-- AIM OF THE EXERCISE --
The answer must restate every record word for word.

-- DATASET CONTENT --
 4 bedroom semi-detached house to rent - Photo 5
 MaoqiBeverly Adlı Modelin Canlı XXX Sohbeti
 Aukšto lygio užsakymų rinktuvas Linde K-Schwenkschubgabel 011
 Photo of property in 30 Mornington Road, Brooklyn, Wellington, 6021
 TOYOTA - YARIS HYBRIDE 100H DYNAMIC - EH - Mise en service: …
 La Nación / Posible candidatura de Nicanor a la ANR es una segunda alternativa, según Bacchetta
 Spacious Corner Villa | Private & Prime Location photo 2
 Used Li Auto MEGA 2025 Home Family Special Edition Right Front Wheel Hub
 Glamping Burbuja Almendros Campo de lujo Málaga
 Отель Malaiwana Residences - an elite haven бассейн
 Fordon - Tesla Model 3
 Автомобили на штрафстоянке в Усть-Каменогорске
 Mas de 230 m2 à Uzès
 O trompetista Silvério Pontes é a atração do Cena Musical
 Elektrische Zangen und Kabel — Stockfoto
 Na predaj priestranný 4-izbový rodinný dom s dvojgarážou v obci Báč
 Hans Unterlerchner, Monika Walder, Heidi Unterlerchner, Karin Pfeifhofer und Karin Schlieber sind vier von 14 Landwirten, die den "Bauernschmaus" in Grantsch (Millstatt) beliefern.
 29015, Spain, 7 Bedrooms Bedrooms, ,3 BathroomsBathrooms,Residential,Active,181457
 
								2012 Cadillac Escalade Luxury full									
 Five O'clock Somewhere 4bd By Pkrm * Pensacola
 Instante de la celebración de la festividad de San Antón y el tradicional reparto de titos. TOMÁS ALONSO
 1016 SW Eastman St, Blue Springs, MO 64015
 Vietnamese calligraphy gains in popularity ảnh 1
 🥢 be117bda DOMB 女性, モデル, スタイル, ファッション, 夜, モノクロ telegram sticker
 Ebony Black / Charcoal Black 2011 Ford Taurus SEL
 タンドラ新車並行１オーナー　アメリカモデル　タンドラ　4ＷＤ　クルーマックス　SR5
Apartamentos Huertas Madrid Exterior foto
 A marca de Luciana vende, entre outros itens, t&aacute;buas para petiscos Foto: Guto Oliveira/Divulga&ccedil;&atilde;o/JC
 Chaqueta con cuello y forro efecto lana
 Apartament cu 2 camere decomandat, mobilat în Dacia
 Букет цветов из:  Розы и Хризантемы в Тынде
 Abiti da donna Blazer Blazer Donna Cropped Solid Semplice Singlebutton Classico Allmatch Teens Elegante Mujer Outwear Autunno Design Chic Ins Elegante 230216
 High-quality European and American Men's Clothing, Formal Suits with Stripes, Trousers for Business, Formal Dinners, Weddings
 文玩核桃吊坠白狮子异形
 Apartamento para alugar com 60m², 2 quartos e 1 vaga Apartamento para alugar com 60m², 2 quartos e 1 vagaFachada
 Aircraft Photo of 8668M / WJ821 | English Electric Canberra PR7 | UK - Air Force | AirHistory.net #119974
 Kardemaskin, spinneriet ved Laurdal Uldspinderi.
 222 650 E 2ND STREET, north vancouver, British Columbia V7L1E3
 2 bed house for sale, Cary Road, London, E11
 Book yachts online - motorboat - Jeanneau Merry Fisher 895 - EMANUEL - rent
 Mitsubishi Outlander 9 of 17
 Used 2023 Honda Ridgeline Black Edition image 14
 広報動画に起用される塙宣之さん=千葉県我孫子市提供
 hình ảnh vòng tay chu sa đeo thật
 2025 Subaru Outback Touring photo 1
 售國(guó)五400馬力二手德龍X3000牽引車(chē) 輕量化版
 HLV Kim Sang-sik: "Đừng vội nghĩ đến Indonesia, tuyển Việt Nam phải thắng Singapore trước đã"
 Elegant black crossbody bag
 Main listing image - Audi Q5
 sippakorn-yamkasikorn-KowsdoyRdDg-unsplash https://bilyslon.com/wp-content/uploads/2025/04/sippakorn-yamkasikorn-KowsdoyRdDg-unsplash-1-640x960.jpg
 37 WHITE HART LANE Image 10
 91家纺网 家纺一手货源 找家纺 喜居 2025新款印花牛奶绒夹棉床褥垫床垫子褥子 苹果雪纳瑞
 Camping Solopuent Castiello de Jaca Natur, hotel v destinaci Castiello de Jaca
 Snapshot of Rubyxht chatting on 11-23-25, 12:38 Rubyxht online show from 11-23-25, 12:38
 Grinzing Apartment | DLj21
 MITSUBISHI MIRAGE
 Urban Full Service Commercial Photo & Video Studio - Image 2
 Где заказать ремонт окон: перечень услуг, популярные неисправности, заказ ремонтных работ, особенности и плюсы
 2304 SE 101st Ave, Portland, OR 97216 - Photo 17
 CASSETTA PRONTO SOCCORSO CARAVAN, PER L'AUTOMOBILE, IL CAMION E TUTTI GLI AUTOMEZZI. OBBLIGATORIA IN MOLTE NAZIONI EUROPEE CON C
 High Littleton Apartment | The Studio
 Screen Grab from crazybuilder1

-- ANSWER TO THIS TASK --
 4 bedroom semi-detached house to rent - Photo 5
 MaoqiBeverly Adlı Modelin Canlı XXX Sohbeti
 Aukšto lygio užsakymų rinktuvas Linde K-Schwenkschubgabel 011
 Photo of property in 30 Mornington Road, Brooklyn, Wellington, 6021
 TOYOTA - YARIS HYBRIDE 100H DYNAMIC - EH - Mise en service: …
 La Nación / Posible candidatura de Nicanor a la ANR es una segunda alternativa, según Bacchetta
 Spacious Corner Villa | Private & Prime Location photo 2
 Used Li Auto MEGA 2025 Home Family Special Edition Right Front Wheel Hub
 Glamping Burbuja Almendros Campo de lujo Málaga
 Отель Malaiwana Residences - an elite haven бассейн
 Fordon - Tesla Model 3
 Автомобили на штрафстоянке в Усть-Каменогорске
 Mas de 230 m2 à Uzès
 O trompetista Silvério Pontes é a atração do Cena Musical
 Elektrische Zangen und Kabel — Stockfoto
 Na predaj priestranný 4-izbový rodinný dom s dvojgarážou v obci Báč
 Hans Unterlerchner, Monika Walder, Heidi Unterlerchner, Karin Pfeifhofer und Karin Schlieber sind vier von 14 Landwirten, die den "Bauernschmaus" in Grantsch (Millstatt) beliefern.
 29015, Spain, 7 Bedrooms Bedrooms, ,3 BathroomsBathrooms,Residential,Active,181457
 
								2012 Cadillac Escalade Luxury full									
 Five O'clock Somewhere 4bd By Pkrm * Pensacola
 Instante de la celebración de la festividad de San Antón y el tradicional reparto de titos. TOMÁS ALONSO
 1016 SW Eastman St, Blue Springs, MO 64015
 Vietnamese calligraphy gains in popularity ảnh 1
 🥢 be117bda DOMB 女性, モデル, スタイル, ファッション, 夜, モノクロ telegram sticker
 Ebony Black / Charcoal Black 2011 Ford Taurus SEL
 タンドラ新車並行１オーナー　アメリカモデル　タンドラ　4ＷＤ　クルーマックス　SR5
Apartamentos Huertas Madrid Exterior foto
 A marca de Luciana vende, entre outros itens, t&aacute;buas para petiscos Foto: Guto Oliveira/Divulga&ccedil;&atilde;o/JC
 Chaqueta con cuello y forro efecto lana
 Apartament cu 2 camere decomandat, mobilat în Dacia
 Букет цветов из:  Розы и Хризантемы в Тынде
 Abiti da donna Blazer Blazer Donna Cropped Solid Semplice Singlebutton Classico Allmatch Teens Elegante Mujer Outwear Autunno Design Chic Ins Elegante 230216
 High-quality European and American Men's Clothing, Formal Suits with Stripes, Trousers for Business, Formal Dinners, Weddings
 文玩核桃吊坠白狮子异形
 Apartamento para alugar com 60m², 2 quartos e 1 vaga Apartamento para alugar com 60m², 2 quartos e 1 vagaFachada
 Aircraft Photo of 8668M / WJ821 | English Electric Canberra PR7 | UK - Air Force | AirHistory.net #119974
 Kardemaskin, spinneriet ved Laurdal Uldspinderi.
 222 650 E 2ND STREET, north vancouver, British Columbia V7L1E3
 2 bed house for sale, Cary Road, London, E11
 Book yachts online - motorboat - Jeanneau Merry Fisher 895 - EMANUEL - rent
 Mitsubishi Outlander 9 of 17
 Used 2023 Honda Ridgeline Black Edition image 14
 広報動画に起用される塙宣之さん=千葉県我孫子市提供
 hình ảnh vòng tay chu sa đeo thật
 2025 Subaru Outback Touring photo 1
 售國(guó)五400馬力二手德龍X3000牽引車(chē) 輕量化版
 HLV Kim Sang-sik: "Đừng vội nghĩ đến Indonesia, tuyển Việt Nam phải thắng Singapore trước đã"
 Elegant black crossbody bag
 Main listing image - Audi Q5
 sippakorn-yamkasikorn-KowsdoyRdDg-unsplash https://bilyslon.com/wp-content/uploads/2025/04/sippakorn-yamkasikorn-KowsdoyRdDg-unsplash-1-640x960.jpg
 37 WHITE HART LANE Image 10
 91家纺网 家纺一手货源 找家纺 喜居 2025新款印花牛奶绒夹棉床褥垫床垫子褥子 苹果雪纳瑞
 Camping Solopuent Castiello de Jaca Natur, hotel v destinaci Castiello de Jaca
 Snapshot of Rubyxht chatting on 11-23-25, 12:38 Rubyxht online show from 11-23-25, 12:38
 Grinzing Apartment | DLj21
 MITSUBISHI MIRAGE
 Urban Full Service Commercial Photo & Video Studio - Image 2
 Где заказать ремонт окон: перечень услуг, популярные неисправности, заказ ремонтных работ, особенности и плюсы
 2304 SE 101st Ave, Portland, OR 97216 - Photo 17
 CASSETTA PRONTO SOCCORSO CARAVAN, PER L'AUTOMOBILE, IL CAMION E TUTTI GLI AUTOMEZZI. OBBLIGATORIA IN MOLTE NAZIONI EUROPEE CON C
 High Littleton Apartment | The Studio
 Screen Grab from crazybuilder1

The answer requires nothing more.